Fashion in Reynolds and Gainsborough: Part 91:55 PM
This is the last part! I hope you all have enjoyed your detailed foray into the works of two amazing painters. I've included my bibliography if you would like to do further reading on the topic.
How they were represented, whether as classical goddesses or modern fashionistas, was extremely important to the sitters for both Reynolds and Gainsborough. When both these painters were active the cult of celebrity was at its height. According to Mark Hallett, “Celebrity, among other things, is about the commodification of fame, about the dissemination of images representing the individual celebrity, and about the collective conversations and fantasies generated by these processes.” By the mid eighteenth century, a new freedom of the press and extremely lax libel laws allowed for the rumor mills to run wild, and writers and cartoonists to portray the celebrities of the day in any manner they chose. The public was fascinated with the scandals and glamour of the lives of celebrities. For women, celebrity came either from the top or the bottom of the social chain- aristocrats and actresses and courtesans. The common denominator in these women was their wealth. To have their portrait painted was an opportunity not only to be remembered but to represent themselves to the eager public who followed their every move. Thus how they were represented was extremely important.

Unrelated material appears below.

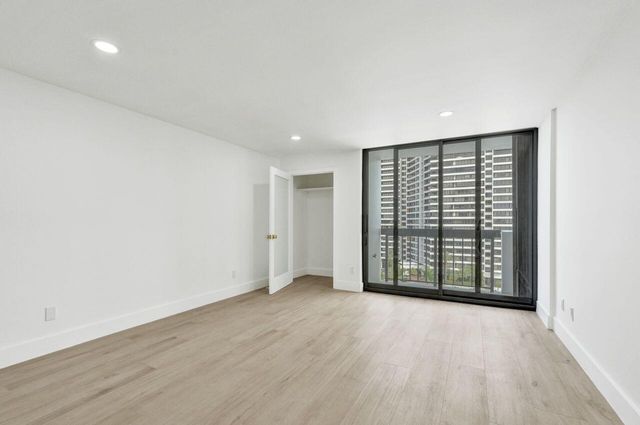 108 Lakeshore Drive 1041, North Palm Beach, FL 33408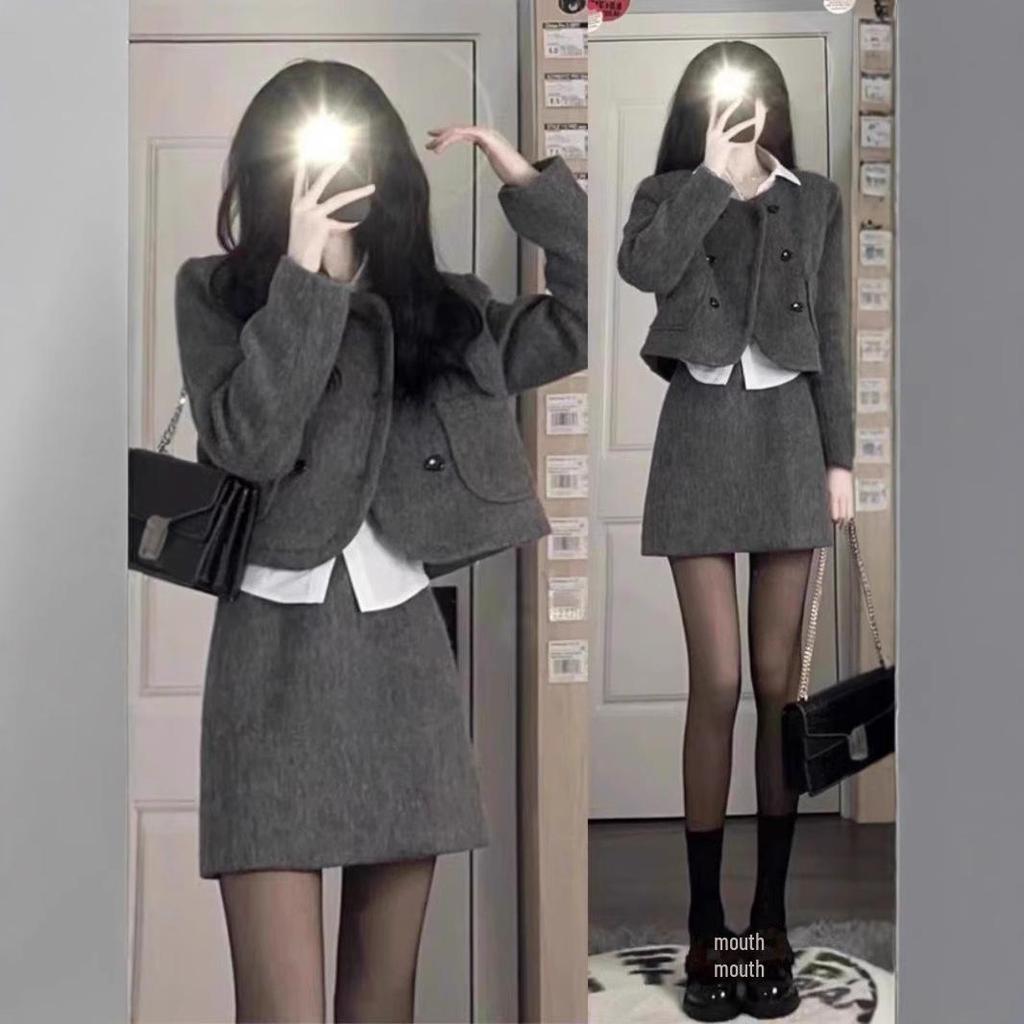 Xiaochan Women's College Style Suit Dress - 2025 Autumn/Winter Edition; High-End, Age-Defying, Complete Matching Set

Those who sat for Reynolds, portrayed in classical drapery, aligned themselves with the lofty ideals of ancient civilizations. They expressed intelligence, timelessness, an association with the greatest artists, architects, and philosophers the world has ever known. Contemporary society held up Ancient Greece and Rome as the pinnacle of western civilization, a height of perfection that has yet to be reached again. By wearing the clothing of these worlds, Reynolds’ sitters became associated with the perfection of these ancient societies and subsequently hoped the public would make the same connections. There is also a sort of power associated with ancient women, for example the powerful goddesses or rulers such as Cleopatra and Olympias, mother to Alexander the Great. In aligning themselves with a culture which worshipped female deities and allowed powerful female rulers, Reynolds’ sitters were asserting their own power, something strongly lacking in the life of the eighteenth century woman.

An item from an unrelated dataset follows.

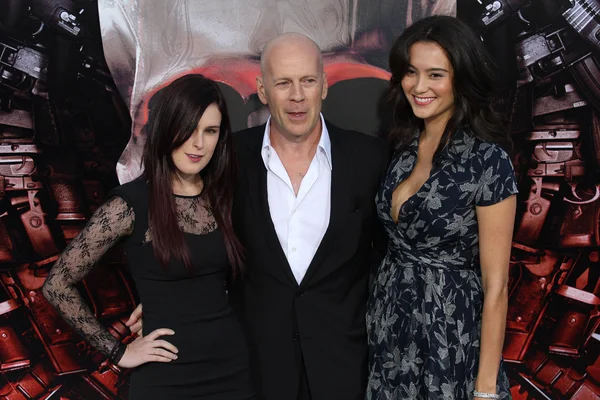 gereksiz şeyler hollywood prömiyeri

Gainsborough’s sitters, on the other hand, were mostly portrayed in the eighteenth century equivalent of couture. In wearing the latest fashions, these women were giving a different representation of themselves to the public. Rather than being associated with the intelligence and gravity of ancient civilizations, these women associated themselves with the height of eighteenth century society. Those who were the most in style and set the trends were also the wealthiest, and they wished to show off both their wealth and fashion know-how. By showing off their good fashion sense Gainsborough’s sitters aligned themselves with the world of wit and pleasure. If they were fashionable enough to set trends, and wealthy enough to afford the latest styles, then these women were also witty conversationalists, excelled at artistic endeavors such as music or dancing, and had a healthy interest in politics and the latest literature. Thus by showing off their best style, Gainsborough’s sitters showed off their accomplishments in society on the whole. This in turn also gave Gainsborough’s sitters a kind of power, one that was slightly more tangible than that gained by Reynolds’ sitters. While Reynolds’ sitters merely associated with the great women of antiquity, Gainsborough’s sitters were the great women of contemporary society. Although women were still second class citizens, by dominating society these women were able to gain some form of personal autonomy.

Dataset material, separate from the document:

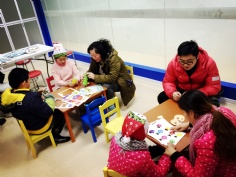 活动 2015.12.25 第四党支部参加奇翔儿童发展中心2015年圣诞联谊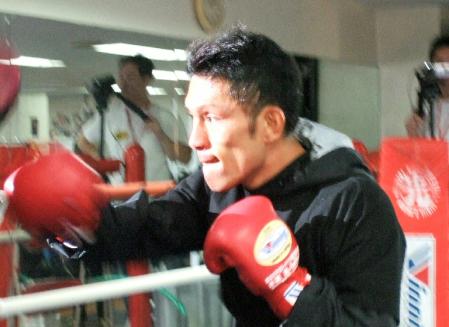 ミット打ちで鋭いパンチを繰り出す赤穂亮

1. Ribeiro, Aileen. The Art of Dress: Fashion in England and France 1750-1820. 2nd ed. New Haven, CT: Yale University Press, 1995. Print.
2. Rosenthal, Michael. The Art of Thomas Gainsborough: 'A little business for the Eye'. New Haven, CT: Yale University Press, 1999. Print.
3. Joshua Reynolds: The Creation of Celebrity. Ed. Martin Postle. London: Tate Publishing, 2005. Print.
4. "Queen Charlotte." The Royal Collection. The Royal Collection, n.d. Web. 4 Dec 2010.
5. Bradfield, Nancy. Costume in Detail: 1730-1930. 1st ed. Hollywood, CA: Costume & Fashion Press, 1958. Print.
6. Anawalt, Patricia Rieff. The Worldwide History of Dress. New York, NY: Thames & Hudson Inc., 2007. Print.